Happiest students? Princeton Review rankings, unpacked
With the release of the Princeton Review’s rankings earlier this month, Rice regained its position as having the happiest students in the nation. Responses to the ranking varied, and students, faculty and administration are having a more nuanced discussion about the implications and impact of the ranking on students. Many have questioned the process of determining the rankings themselves, which Princeton Review’s “Best 381 Colleges” co-author David Soto explained in an interview with the Thresher.
Wiess College junior Alex Bergin-Newman said she believes happiness is relative and cannot be measured. Following the release of the ranking, Bergin-Newman authored an op-ed in the Thresher entitled “Happiest ranking isolates unhappy students,” which garnered a strong response online from the Rice community.
“For someone like myself who is dealing with depression and anxiety, a six or seven out of 10 on a scale of happiness is a success for me, and symbolizes that I feel that I’m dealing with all of the crap going on in my life pretty well,” she said. “But that same score doesn’t mean the same thing to everyone.”
On the other hand, Duncan College junior Mike Hua said he is proud of the ranking and feels it is good for the university.

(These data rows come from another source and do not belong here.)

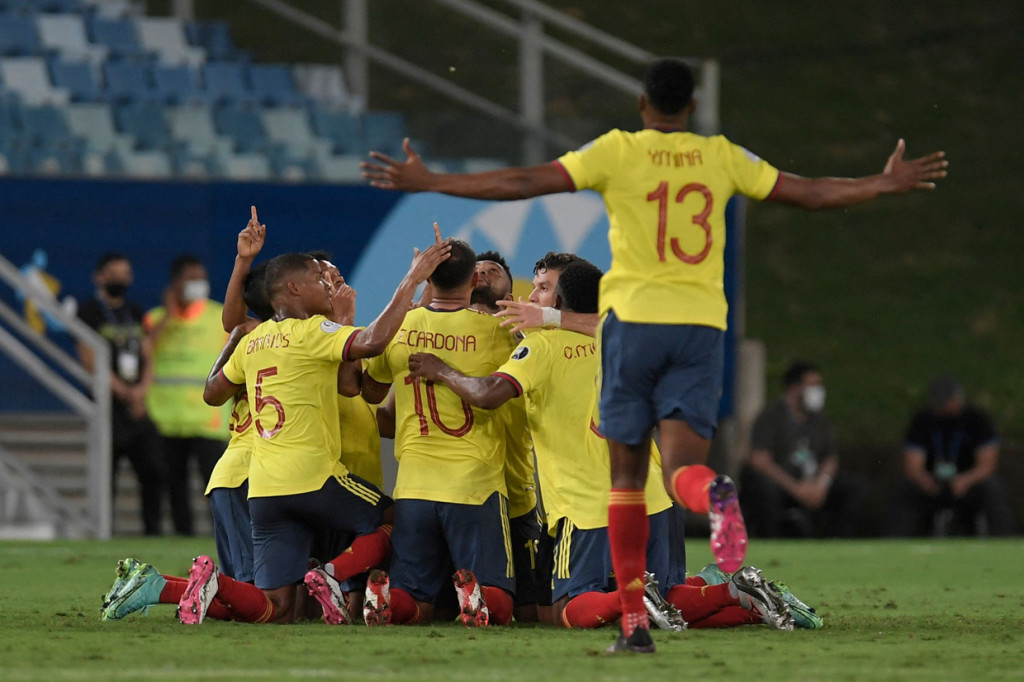 Edwin Cardona menjebol gawang Pedro Ortiz. Memanfaatkan umpan Miguel Borja, sontekan kaki kanannya dalam meneruskan umpan sundulan rekannya berujung gol. Sempat dicek VAR karena terindikasi offside, namun akhirnya tetap disahkan. Kolombia unggul 1-0 atas Ekuador saat jeda.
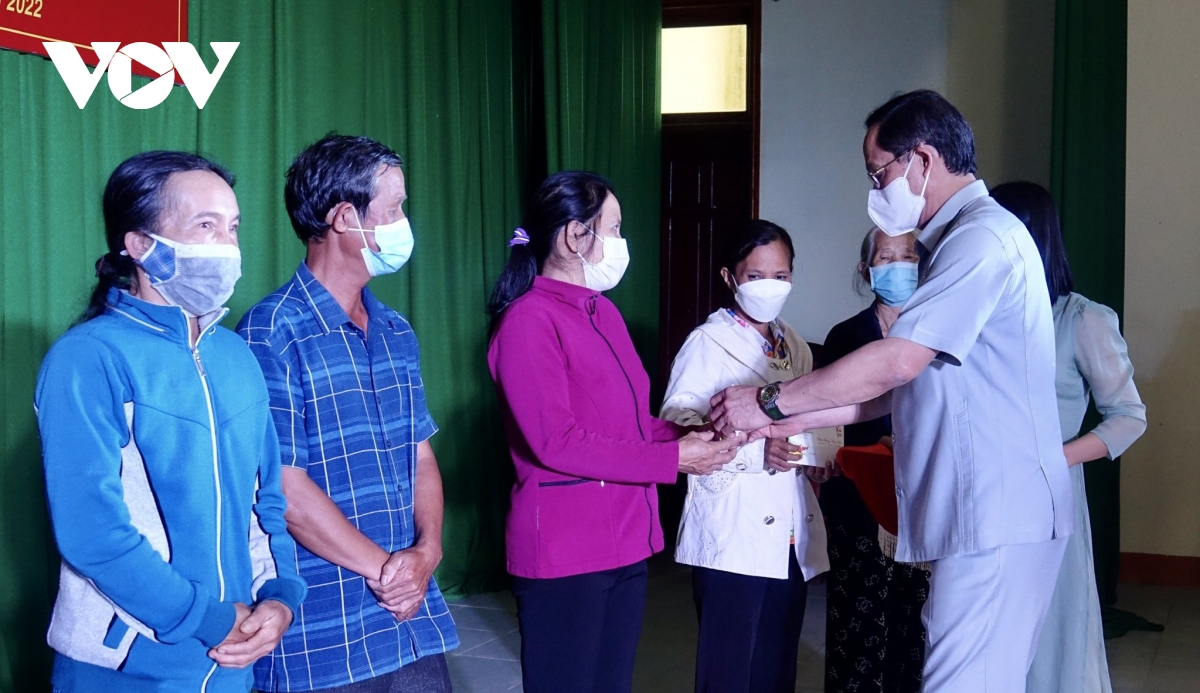 Phó Chủ tịch Quốc hội Trần Quang Phương thăm chúc Tết tại Quảng Ngãi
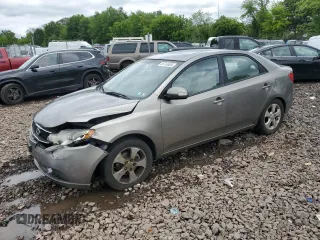 2010 Kia Forte EX z VIN KNAFU4A2XA5250756, wystawiony jako Copart lot #58743405 z przebiegiem 204 266 mil mil oraz Szkoda całkowita • Salvage title. Historia ofert i sprzedaży dostępna na DreamBid. Obrazek 1.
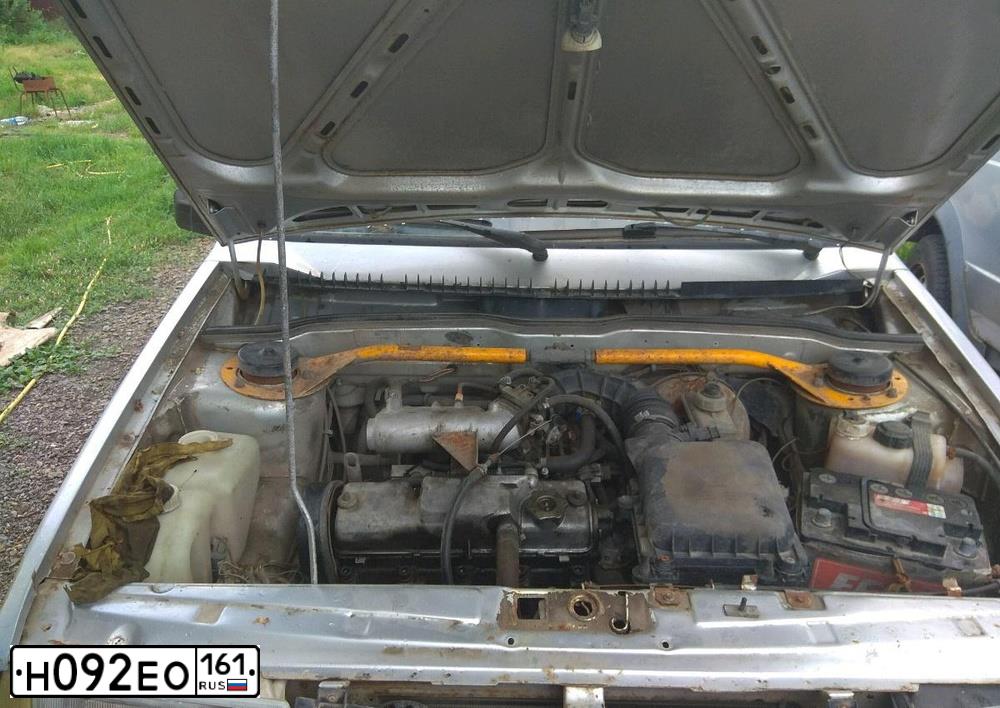 Фото автомобиля LADA 2108 SAMARA, 2002 — госномер Н092ЕО161. Цвет: СВЕТЛО-СЕРЕБРИСТЫЙ МЕТАЛЛ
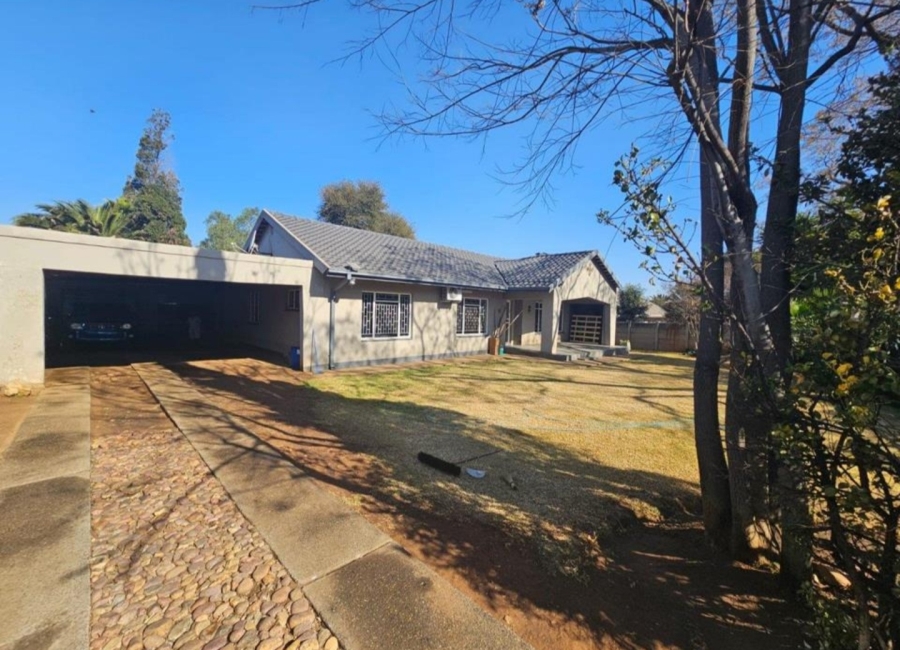 3 Bedroom Property for Sale in Vanderbijlpark SW 5 Gauteng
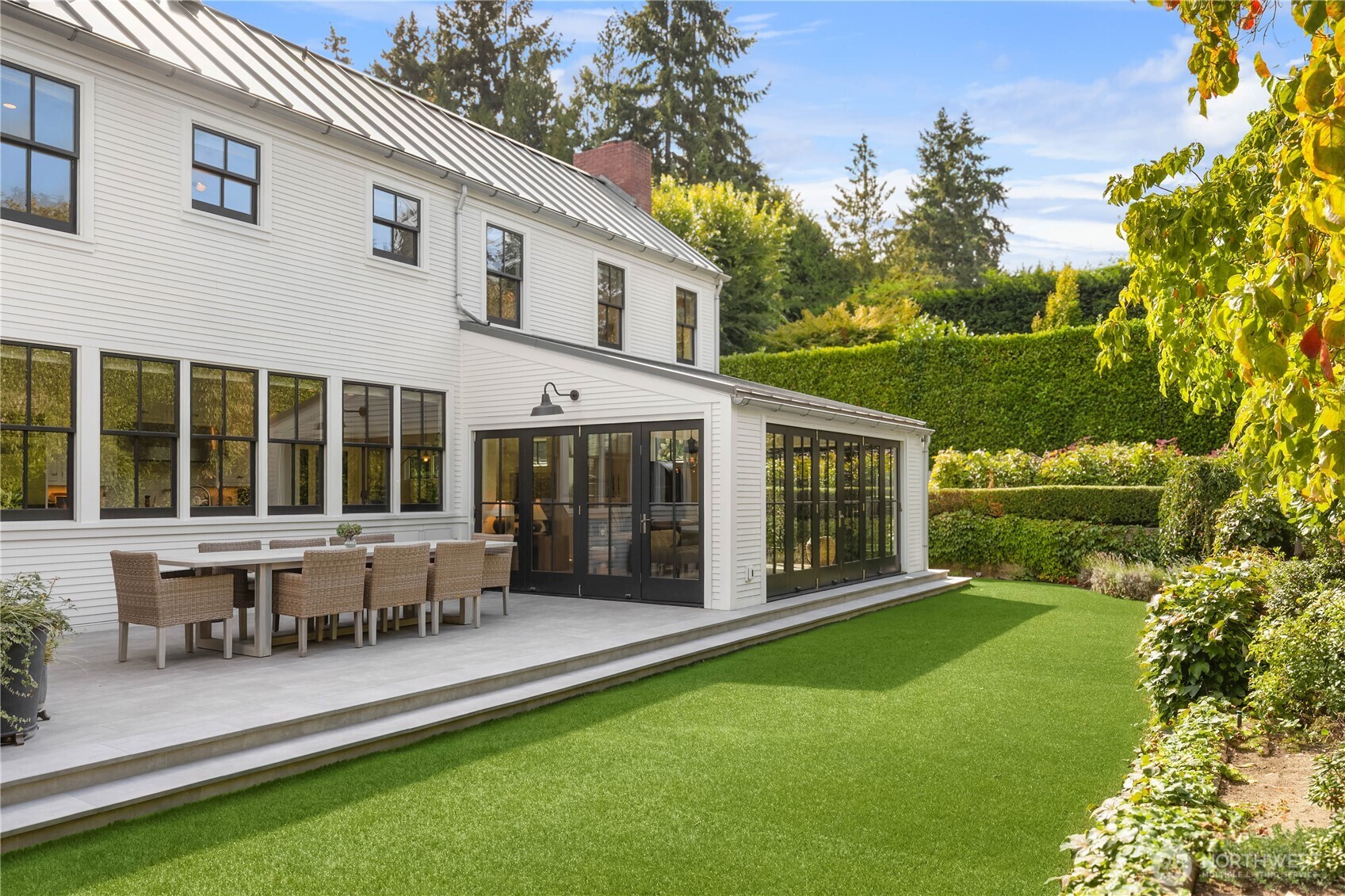 2206 Evergreen Point Road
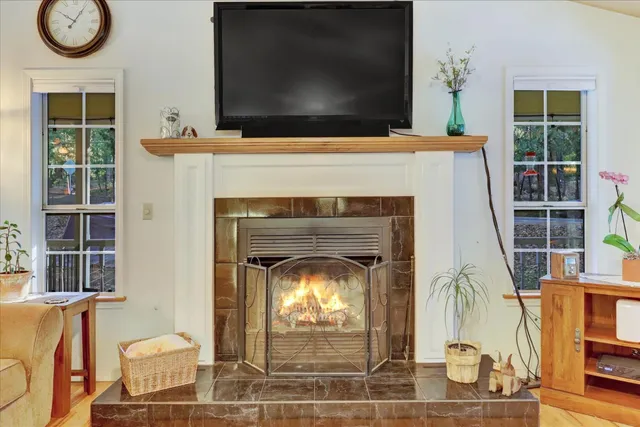 $695,000 | 12746 Quaker Hill Cross Road, Nevada City, CA 95959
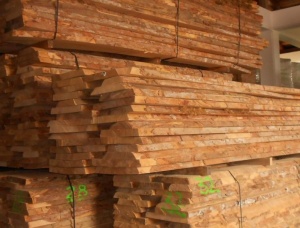 100 mm x 300 mm x 6 m 建築材枫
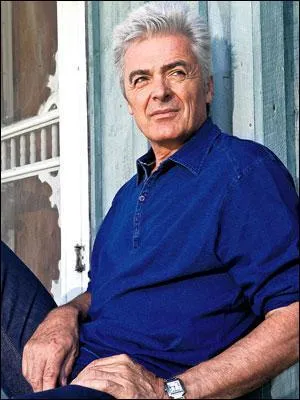 Il a t Frollo et aussi l'interprte de 'Ils s'aiment', c'est Daniel ...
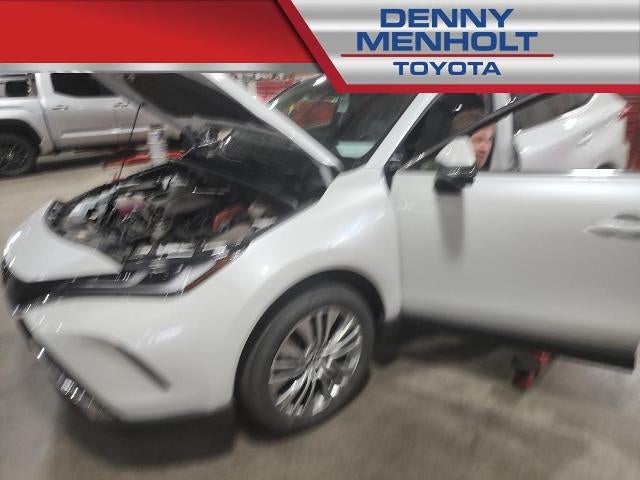 2023 Toyota Venza Limited AWD (GS)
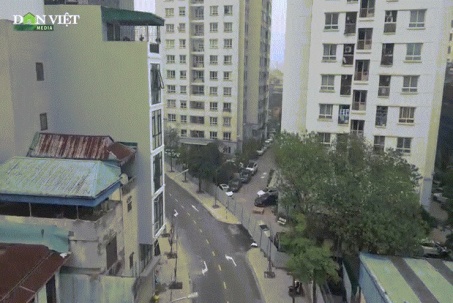 Tuyến đường được mệnh danh là "đường cong mềm mại" lách qua 2 chung cư chính thức thông xe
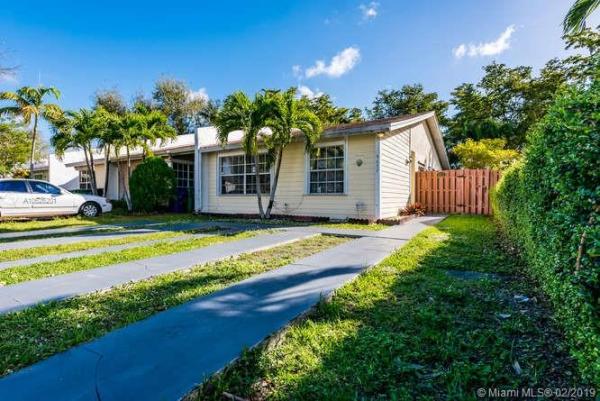 Cedar Landing At The Hammocks, 9677 SW 147th Ct #9677, The Hammocks, Florida 33196, image 2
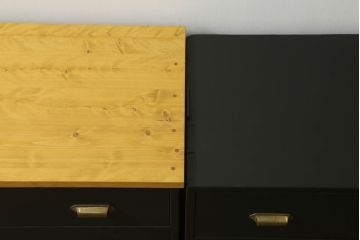 3段重ね桐箪笥をローボードとチェストにリメイク!ローボードは板戸をガラス戸に変更と鉄脚取り付け。チェストは天板と本体でバイカラー仕上げ。どちらも取っ手を付け替えモダンな雰囲気に。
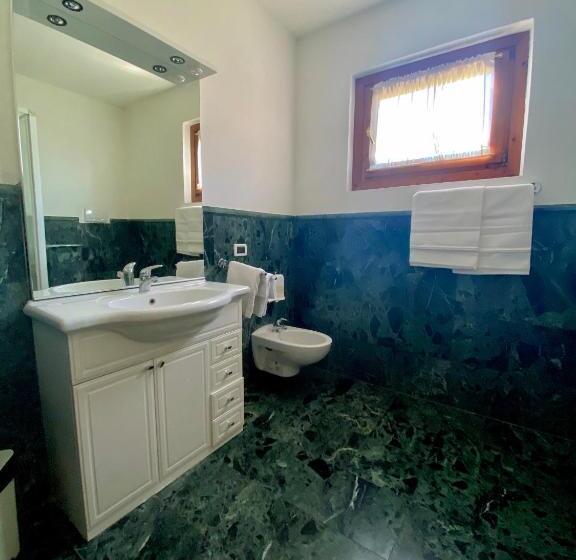 Номер Стандарт Вид на Озеро, Camere Al Veliero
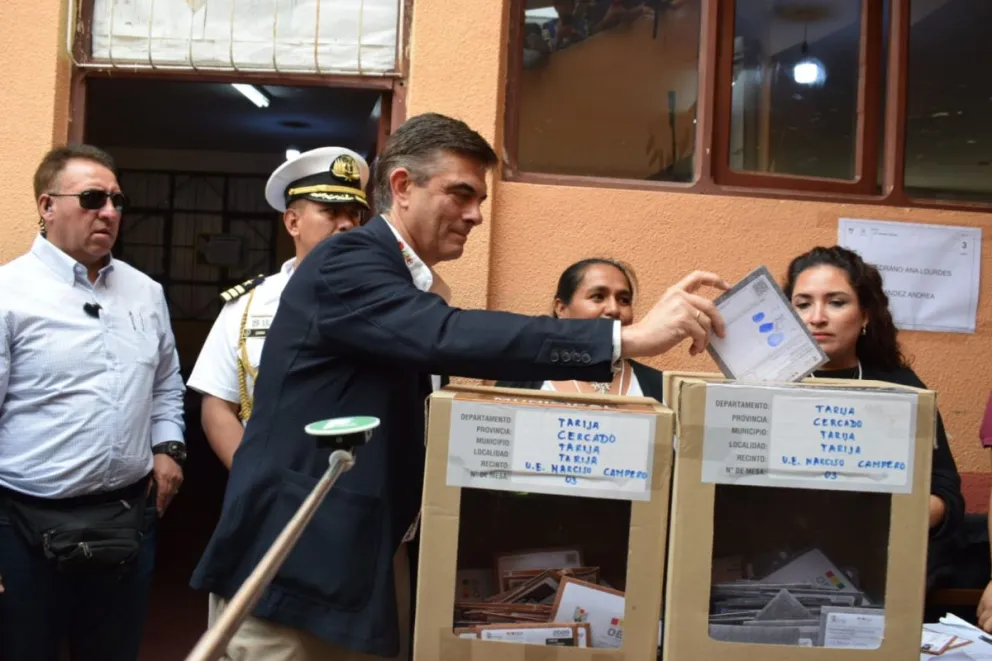 Paz emite su voto. Foto: Dircom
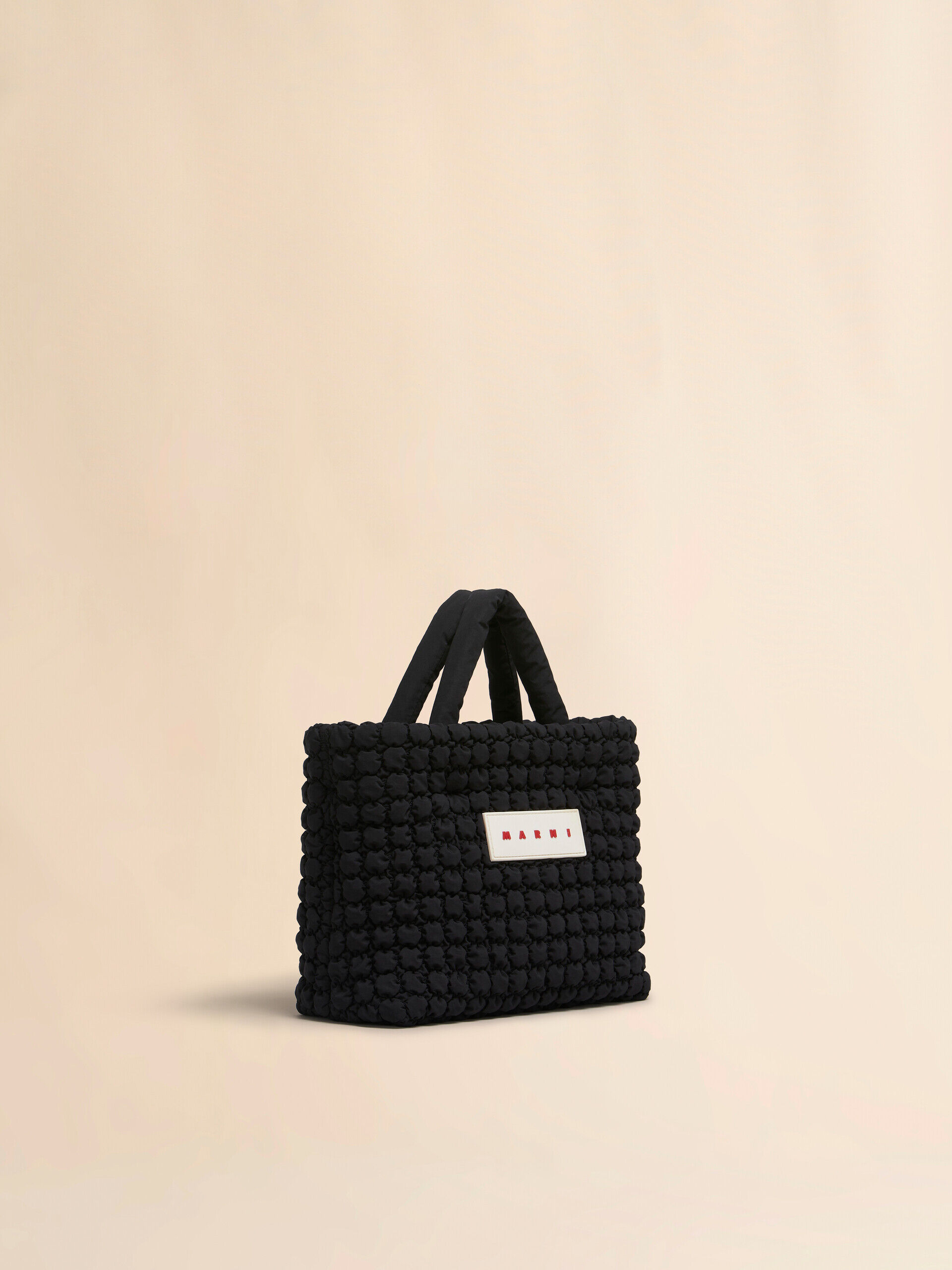 ブラック ナイロン製 Puff スモールトートバッグ | Marni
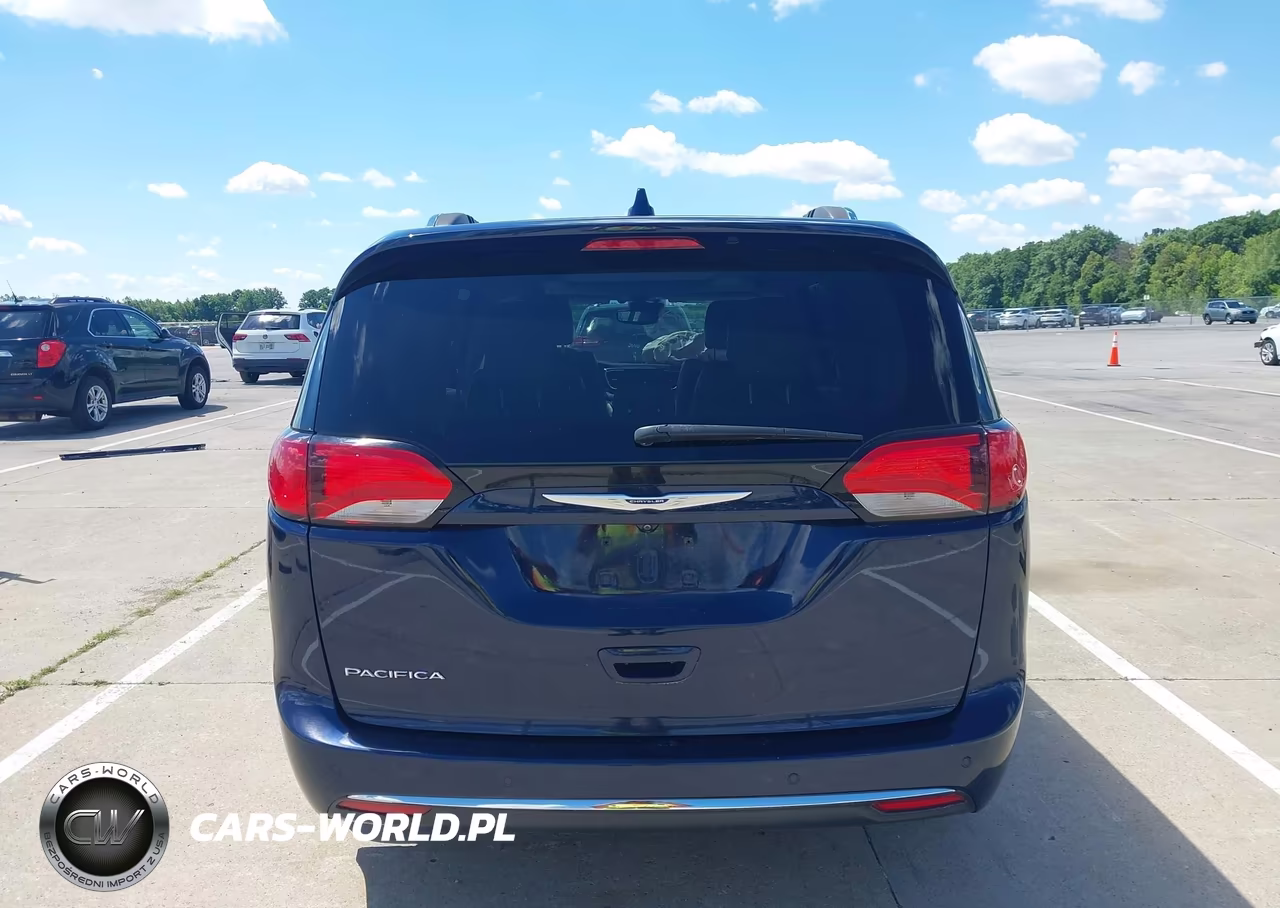 2020 Chrysler Pacifica Touring L Plus VIN:2C4RC1EG2LR251042 - 17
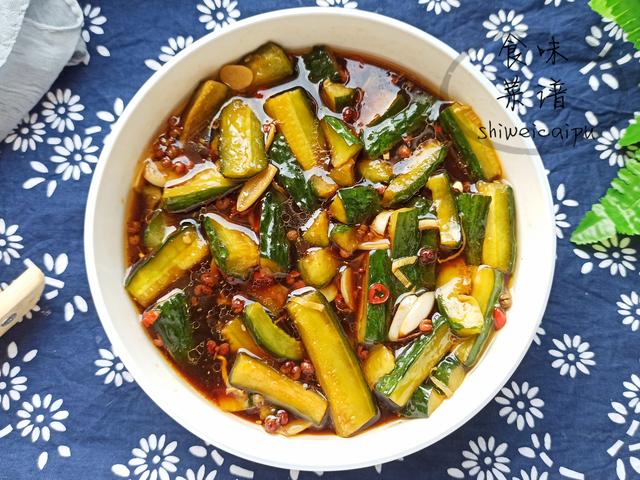 腌黄瓜怎么做好吃，腌黄瓜怎么腌好吃又简单快速（直接加盐腌是大错特错）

“I don’t want it to overshadow the problems we have, including mental health and wellbeing, quality of teaching and opportunities for low-income/first-generation students,” Hua said. “We have to focus on those who need more support.”
The Process
In a phone interview, Soto said the rankings are entirely based on student surveys. In particular, the ranking for happiest students is based on a scaled response to the statement “I am happy at my school,” with five options between “strongly disagree” and “strongly agree.” While the survey is available online year-round, the official survey is sent out to university administration every three years to avoid “survey fatigue.” Each March, the previous year of data is analyzed for publication; all responses received after that period are put in the following edition.
Dan Warner, director of admissions, said he expects the Princeton Review will prompt the administration next month to notify students that the survey will be available. The last time the administration did so was in October 2013.
“We send out the notification to college coordinators, students we work with, the athletics department and distribute it the best we can,” Warner said.
Long-time college coordinators from Brown, Martel, Jones, and Will Rice said they have difficulty recalling whether they received and distributed the survey prompt from the Princeton Review and could not find the email from 2013 in their archives.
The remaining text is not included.